Data saturation is a term used in research to indicate that no new information is expected to be added that will enhance or change the findings of a study. Data saturation is important to achieve. It is reached when there is enough information to replicate the study, when the ability of obtain additional new information has been attained, and when further coding (identification of themes) is no longer feasible.
Yet the concept of data saturation is considered to be a neglected one. This is because it is a concept that is hard to define. What is data saturation for one is not nearly enough for another.
There are two ways in which data saturation plays itself out in research:
1. Data saturation in sampling
When a researcher chooses respondents for a study (conducts ‘sampling’), they may do so using ‘theoretical sampling’. This means they will continue adding new units to the sample until the study has reached a saturation point; that is, until no new data are produced through inclusion and analysis of new units. Theoretical sampling is an approach to acquiring respondents for research that is related to an approached called ‘grounded theory’ and is characterised by the fact that the collection of data is controlled by the emerging theory. The researcher has to constantly look for new units and data, and justify the theoretical purpose for which each additional group is included in the study. This type of approach to sampling is uncommon due to the constraints of a fixed budget which determines the design of the study and its sampling parameters.
Researchers often struggle with knowing how to estimate how many interviews will be required to reach data saturation and again, are often dictated by project budgets. When deciding on a study design, researchers should aim for one that is explicit regarding how data saturation is reached. To best achieve data saturation, good care should be taken in sampling a cross section of populations of interest, so that a full range of views is likely to be heard.
2. Data saturation in qualitative interview
In-depth interview and focus groups are two commonly used methods of qualitative research. They each involve the search for depth of meaning, unlike a quantitative survey which tends to focus on close-ended questions such as yes/no or rating scales. A focus group or in-depth interview is an exploratory form of research. It is open ended and less formally structured than a survey. The interviewer needs to investigate the topic of interest with the respondent until there is nothing left to add. This may be done by using questions at the end of the interview such as ‘Anything else?’ or ‘Do I need to know anything other than what I have asked you?’ This is done to ensure that saturation has been achieved; that there is nothing else to add to the topic of interest.

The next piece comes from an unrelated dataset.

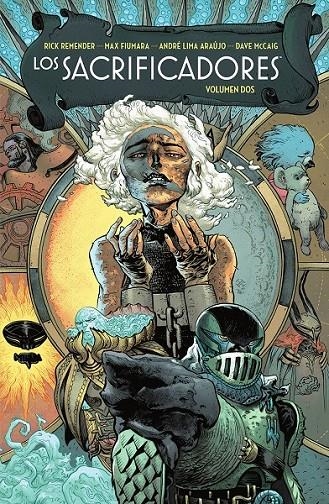 LOS SACRIFICADORES 02 | 9788467975291 | RICK REMENDER - MAX FIUMARA - ANDRÉ LIMA ARAÚJO - DAVE MCCAIG | Tienda de Cómics, Manga, Magic y Pokémon en Torrejón de Ardoz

Failure to reach data saturation in qualitative research has an impact on the quality of the research and compromises the validity of the content. However, there is no one-size-fits-all approach to obtaining data saturation. There are data collection methods that are more likely to reach data saturation than others, although these methods are highly dependent on the study design.
Unfortunately, data saturation can really only be known after the fact, once qualitative interviews have been conducted and data has been analysed. Yet market research is typically planned, justified and costed ahead of time. So, achieving data saturation in reality, must be a combination of sensible sampling, good research design, well designed research tools, and the reality of the commercial parameters to the project.
Otherwise, your findings may as well be left out in the rain.